§ **Exercise aim**:
Print the listing from its top line through the line containing "Woman planking on a workout mat", nothing more, and leave out the pictures.

§ **Data provided**:
%%
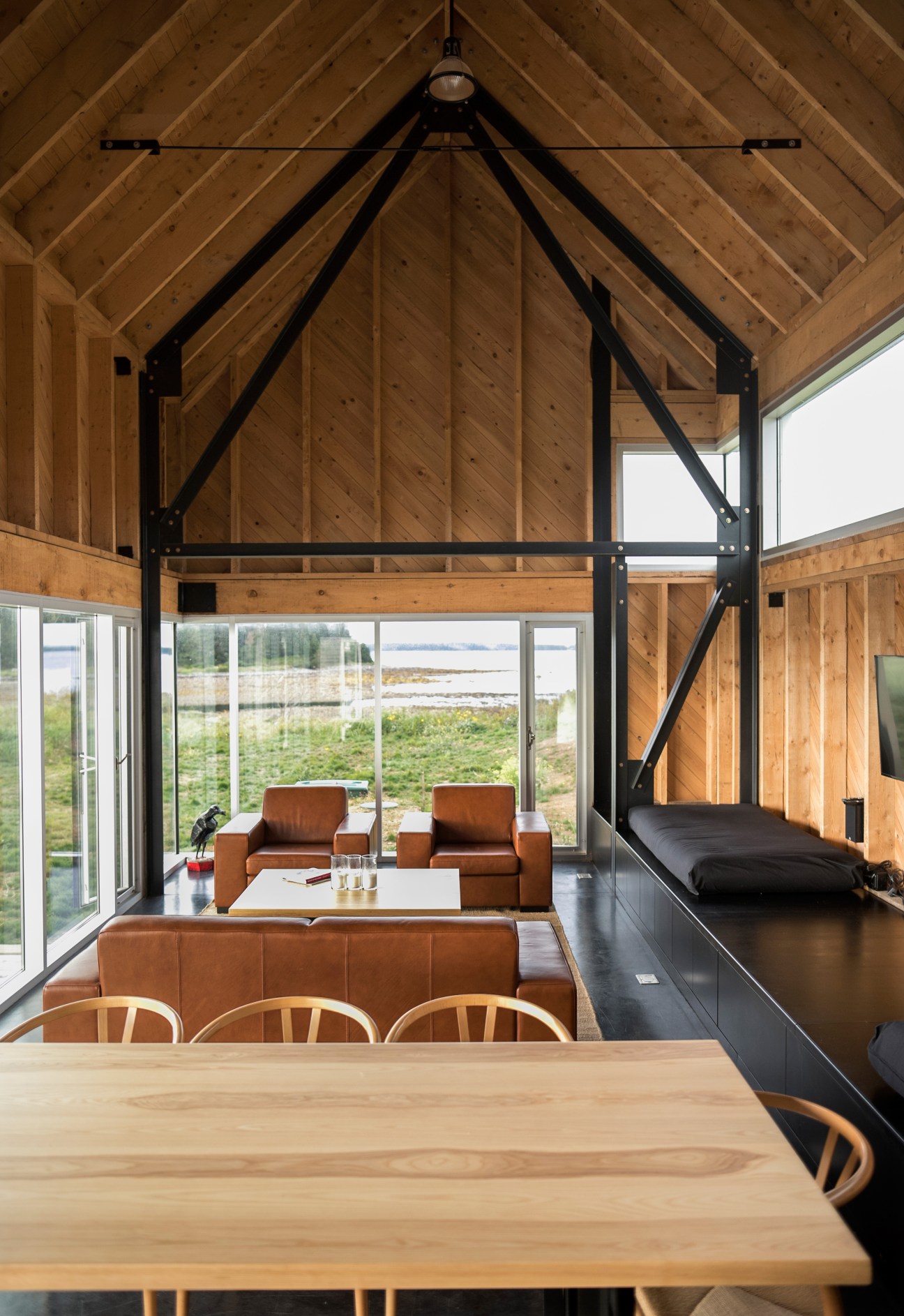 Modern wooden interior with exposed beams, leather seating, dining table, and large windows overlooking countryside
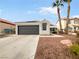 Single-story house with a two-car garage and desert landscaping at 1420 Daybreak Dr, Las Vegas, NV 89108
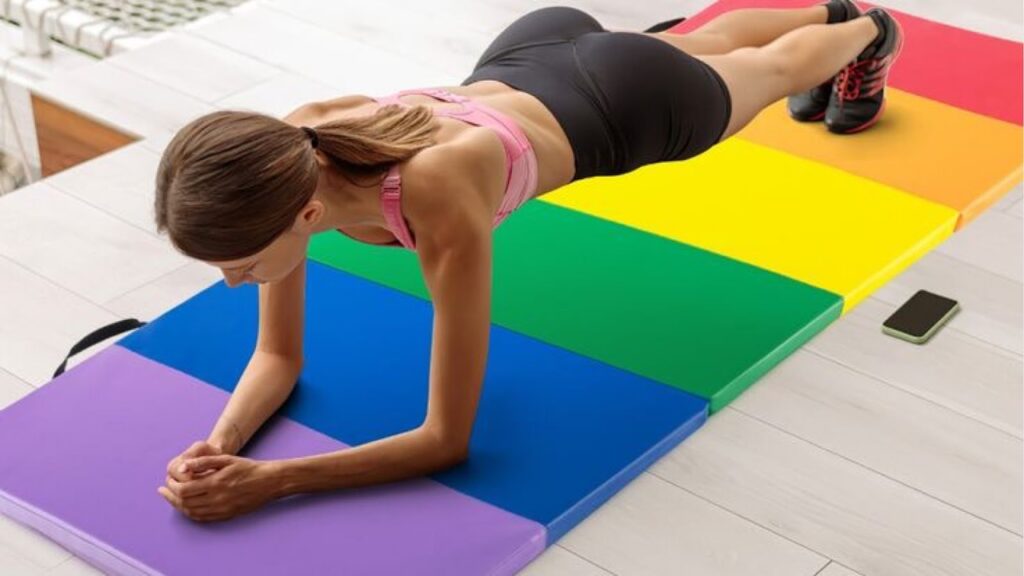 Woman planking on a workout mat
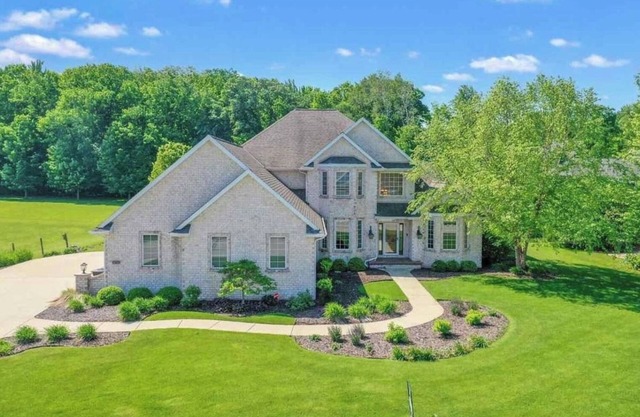 Huge home with theater, hot tub, golf cart, and just minutes from Lambeau Field!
%%
§ **Response area**:
 Modern wooden interior with exposed beams, leather seating, dining table, and large windows overlooking countryside
 Single-story house with a two-car garage and desert landscaping at 1420 Daybreak Dr, Las Vegas, NV 89108
 Woman planking on a workout mat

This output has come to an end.